世界各地のバラエティ豊かな朝食
また、幸せの香り漂うパン料理などを紹介していきます。

マルタ第二の島、ゴゾ島由来とされ「ゴゾのフティーラ」とも呼ばれるピザタイプのフティーラ。写真のように角形もあれば、丸形のイタリアンピザ風、具を包んで焼くお焼き風もある。胡麻とイタリアンパセリを散らして。

月刊dancyu[ダンチュウ]
2018年 7月号
編集タイアップ企画より

マルタ共和国

美しき島。
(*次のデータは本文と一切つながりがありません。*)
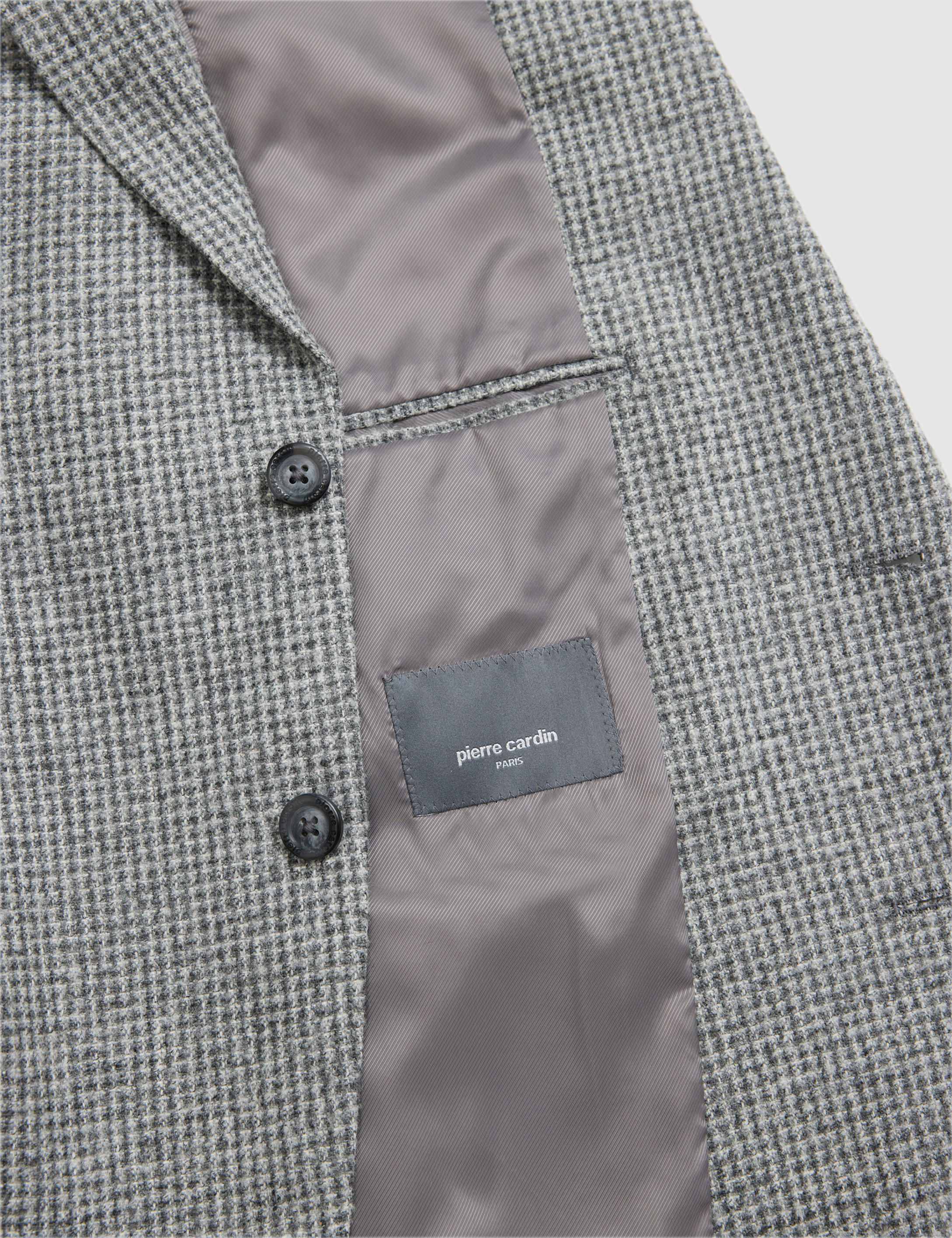 Gri Yün Karışımlı Extra Slim Fit Ceket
朝も昼も
食卓にパンの香りが漂う

 “地中海の真珠”と呼ばれる。きらめく太陽にエメラルドの海、中世の騎士団が築いた世界遺産の街……。淡路島の半分ほどの面積に美しさが詰まっている。だが、この国で何より印象的なのは人。旅人にも親切で温かい。マルタの独特で居心地の良い空気感は、人が生み出しているのだろう。

 マルタ島やゴゾ島など大小の島々が集まり、紀元前から地中海の要衝だった場所。食文化は近隣国イタリアと共通点が多いものの、中東やアフリカの食材、スパイスも多用する。石灰石が土台の土地は決して豊かとは言えないが、陽光を浴び、伸び伸びと育つ野菜や果実は濃厚。蜂蜜、チーズ、ワインなど評価の高い特産物もある。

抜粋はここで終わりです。